Face à la réalité du génocide, le premier choix d’un tueur est de se taire, le second de mentir. Il peut modifier sa décision mais il n’en discute pas. Seul, il ne prend aucun risque, comme il n’en prenait aucun pendant les massacres. On ne peut donc envisager de l’interpeller seul, de solliciter une succession d’interlocuteurs choisis sans rapport entre eux.

D’où le projet, mûri au fil des échecs, des rencontres ratées ou des discussions insipides, de m’adresser non pas à une suite d’individus, mais à un groupe d’individus qui se sentent ainsi protégés des dangers de la vérité par leur amitié et leur complicité. Des copains tranquillisés par un esprit de bande né avant le génocide, lorsqu’ils s’entraidaient aux champs et vidaient des bouteilles d’urwagwa au cabaret, et fortifié dans le chambardement des tueries des marais, et aujourd’hui par leur incarcération.
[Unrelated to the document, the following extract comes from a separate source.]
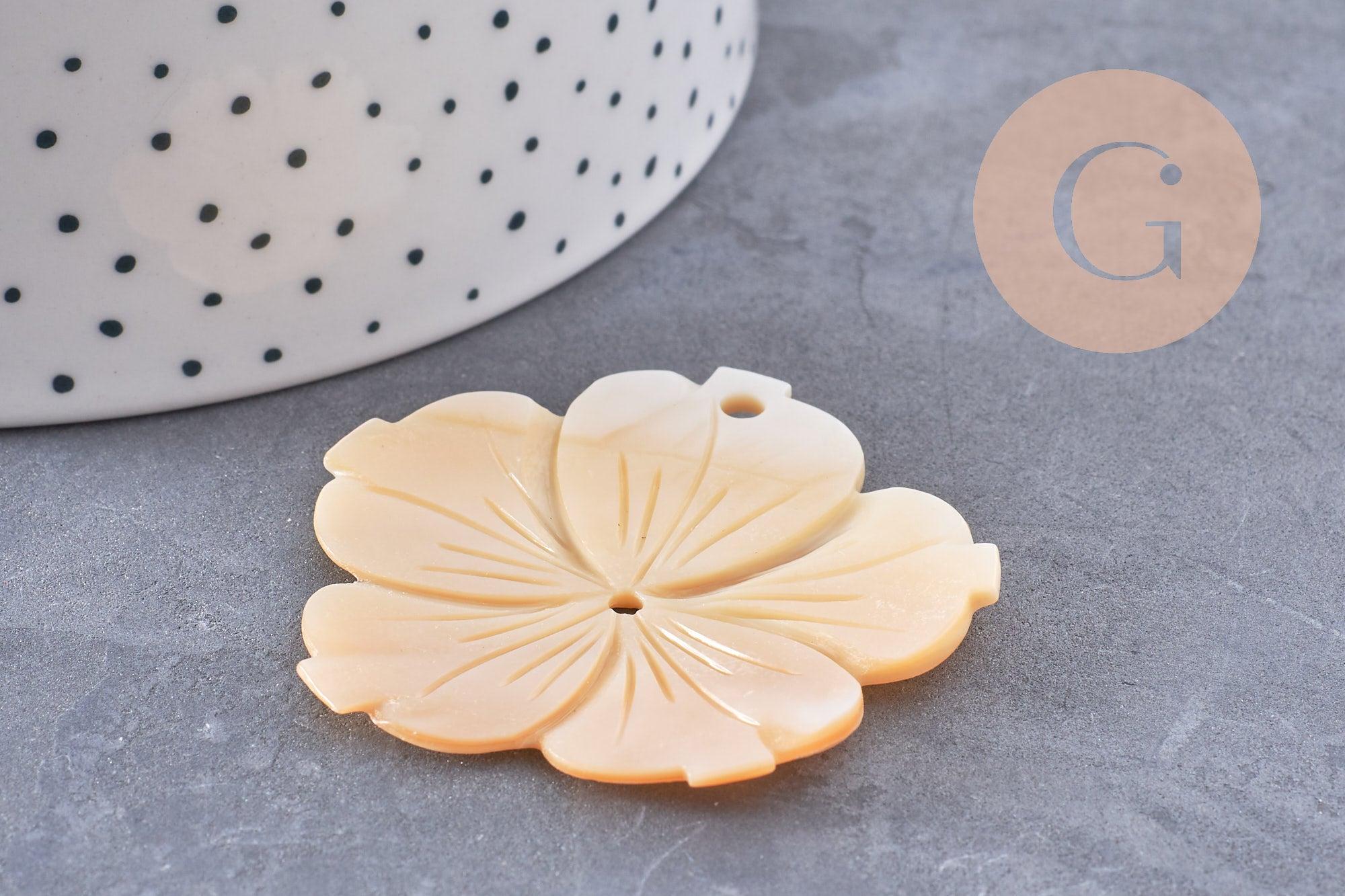 Pendentif fleur nacre blanche naturelle 48mm, x2 (G10227)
Mon choix se porte sur cette dizaine de copains de Kibungo pour des raisons simples. Ils forment une bande à la fois banale et informelle, comme il en existe beaucoup à la campagne. Sans attaches spéciales au départ, comme ce pourrait être le cas au sein d’une association religieuse, d’un club sportif, d’une milice structurée. Ils sont réunis par la proximité de leurs parcelles, la fréquentation d’un cabaret, des affinités naturelles et des soucis communs.
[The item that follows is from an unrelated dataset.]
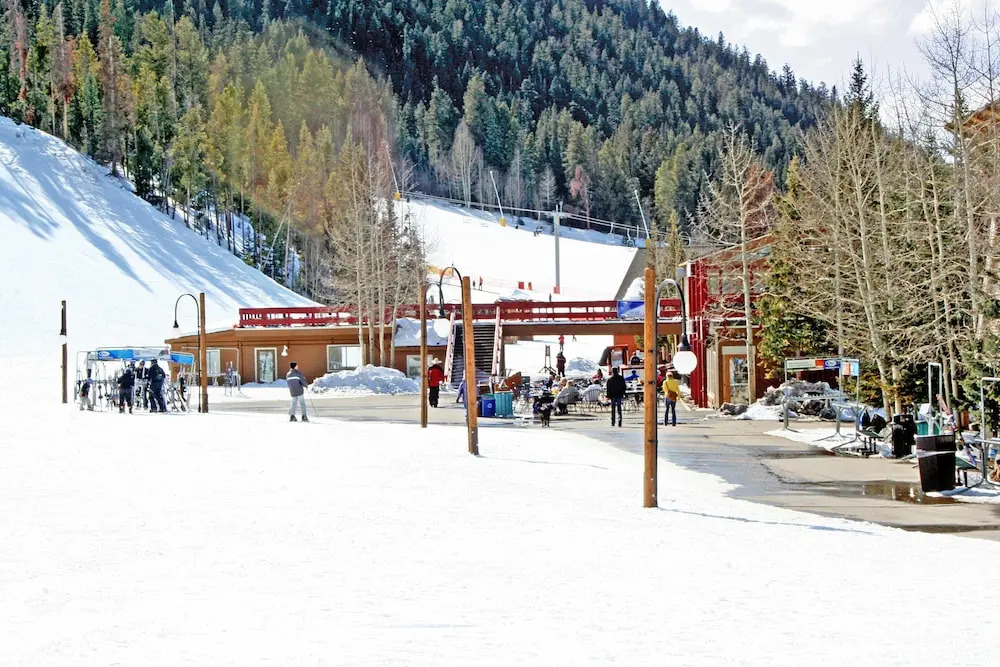 Gateway Lodge 5033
Ils habitent sur les mêmes collines que la plupart des rescapés de Dans le nu de la vie. Ils ont participé aux tueries dans les marais de Nyamwiza, où les fugitifs se sont enfouis jusqu’au cou, dans la vase et sous les feuillages.

Ils sont cultivateurs, sauf un fonctionnaire et un instituteur ; ils n’ont pas appartenu à des formations interahamwe ou paramilitaires, sauf trois. À part Élie, ils n’ont pas porté d’uniforme militaire ou policier. Aucun ne s’est jamais disputé avec des voisins tutsis au sujet de terres, de récoltes, de dégâts, de coucheries.
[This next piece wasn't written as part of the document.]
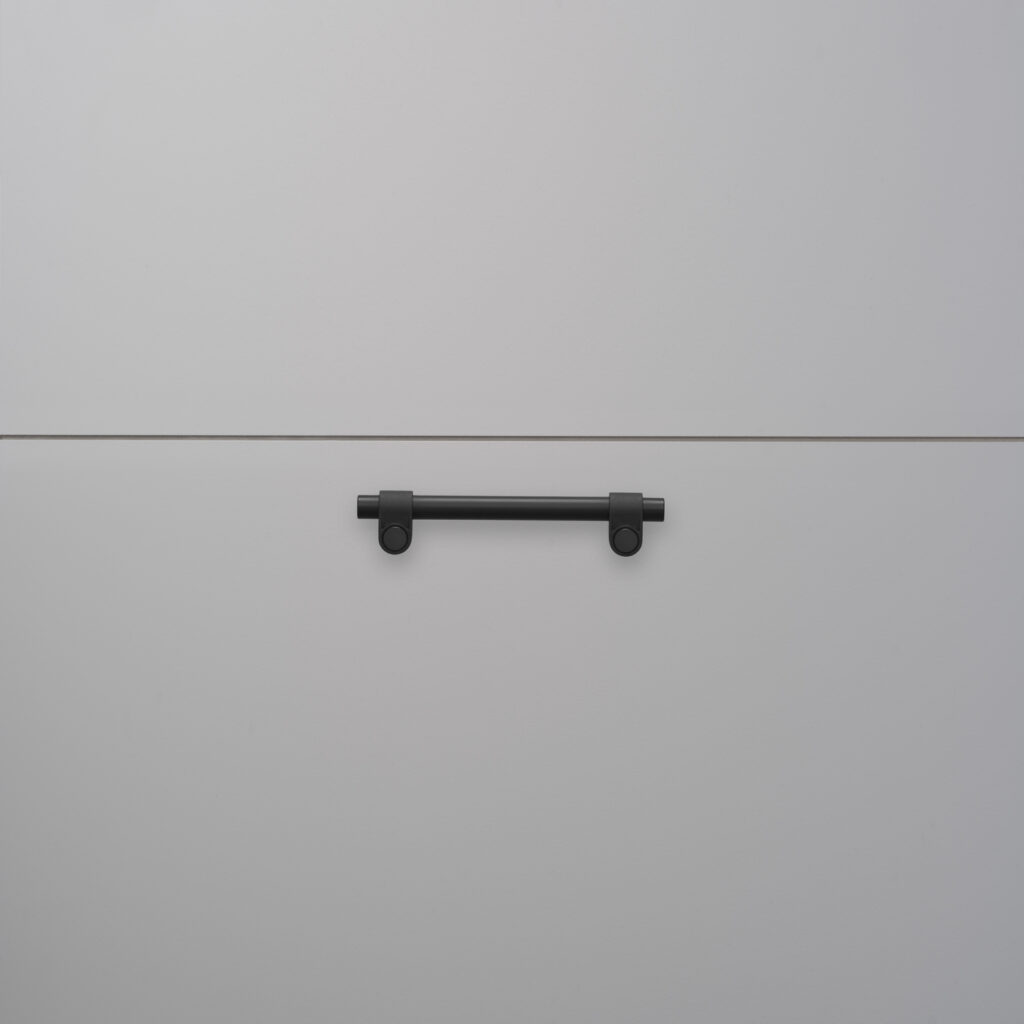 BP_Cast_Single_Pull_Bar_Small_Black_FE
De plus, ils sont bien connus d’Innocent Rwililiza, et lui est bien connu d’eux. Innocent, élève puis professeur à l’école locale, scribe public à ses heures, d’un dévouement sans limites, animateur de plusieurs associations, pilier bien-aimé et facétieux de nombreux cabarets, est populaire sur ces collines, en particulier celle de Kibungo, où se trouve sa parcelle familiale.

Il est l’intermédiaire indispensable, puis le collaborateur idéal, et le traducteur formidable quand cela s’avère nécessaire. Il précise à propos de cette bande :

« Je la connaissais depuis longtemps auparavant. J’avais enseigné à certains comme Adalbert, Pancrace, Pio. Les autres, je les croisais chemin faisant et partageais la boisson au cabaret.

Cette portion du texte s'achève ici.